What are Consent Orders: The Basics you need to know


What should I be aware of with Consent Orders


Eventually most former couples reach some sort of agreement about either parenting arrangements for their children, how they are going to divide their property in their property settlement, or regarding both issues.

Once you have, there are major risks with leaving your agreement as an informal agreement, whether it is only a verbal agreement or whether you try to document it in some way.

The only way to make sure you have a legally enforceable agreement about your parenting arrangements that your former partner must follow, is if it is documented in Consent Orders. A parenting plan will not be enforceable. For more see our separate fact sheet Parenting Plans -v- Consent Orders.

Similarly, your property settlement agreement should be documented in a legally binding and enforceable way, although you have the option of either documenting a property settlement agreement in either Consent Orders or a Binding Financial Agreement. For more about the difference, read our fact sheet Consent Orders -v- Binding Financial Agreement to document a Property Settlement.

If you and your former partner agree on either your parenting arrangements or property settlement, or both, you can put your agreement into Consent Orders and ask the Court to make Orders on the same terms as the agreement you have reached. 

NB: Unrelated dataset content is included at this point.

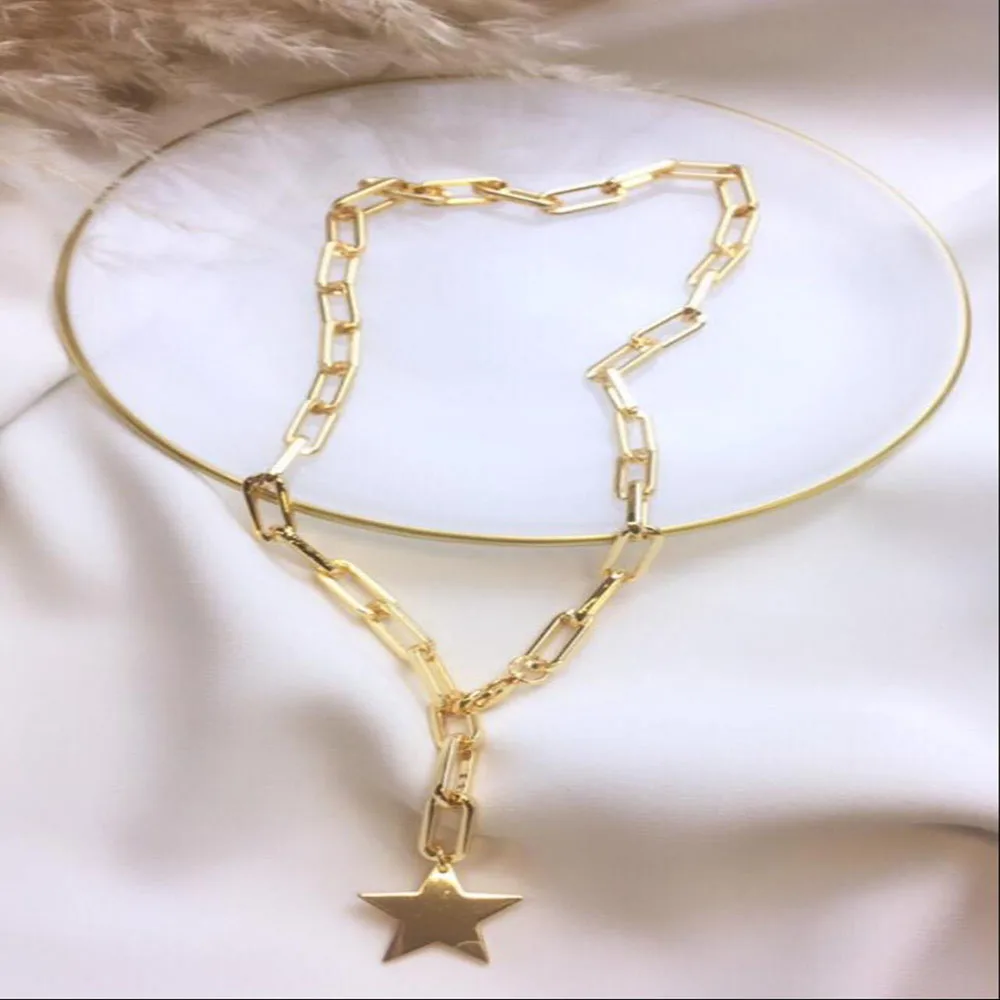 2021 nova metalna četvrtasta svilene lanac ogrlica u boemskom stilu ženska moda petokraka zvijezda privjesak nakit Slika 1 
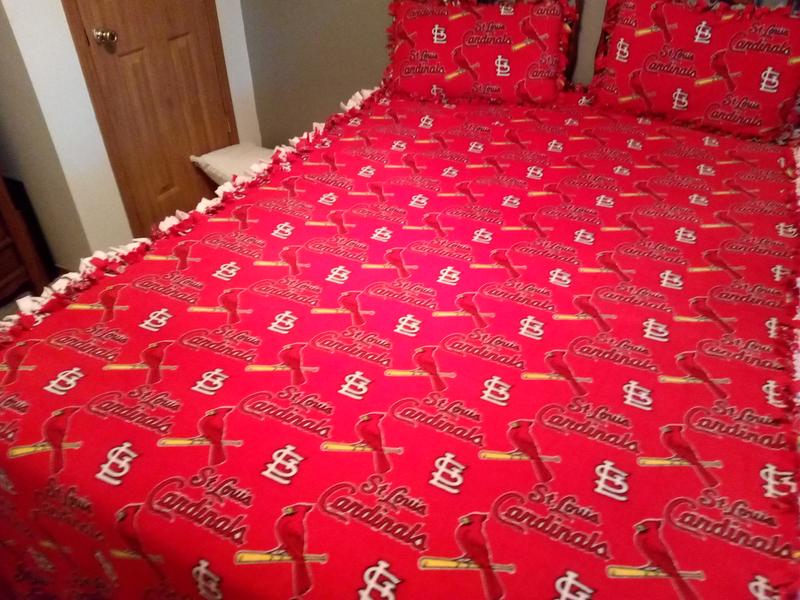 St. Louis Cardinals 58 100% Polyester Fleece Logo Sports Sewing & Craft  Fabric 10 yd By the Bolt, Red, White and Yellow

The Court must approve the Orders. 

If the Court thinks the agreement you and your former spouse have reached is:

  • For property settlement or spousal maintenance issues - “just and equitable” (which essentially means fair and reasonable);
  • For parenting arrangements - “in the best interests of the child”;

then the Court will make the Orders you have agreed on.

Once the Court has approved the Consent Orders in the terms you have drafted and submitted, the Court will seal the Consent Orders document and send a sealed copy to both parties.

Consent Orders you have agreed on, do not carry any less weight than Court Orders made by a Judge after a final hearing (trial), just because you reached agreement on them yourselves. 

Consent Orders have exactly the same legal force as if the Court had decided to make those same Orders after a full Court hearing with the parties and other people as witnesses, giving evidence and presenting documents.

Consequences can follow if the Orders are not complied with and are contravened (breached).  For more, read out fact sheet What happens if a Court Order is breached.

You should always get your own independent legal advice before you agree to Consent Orders. 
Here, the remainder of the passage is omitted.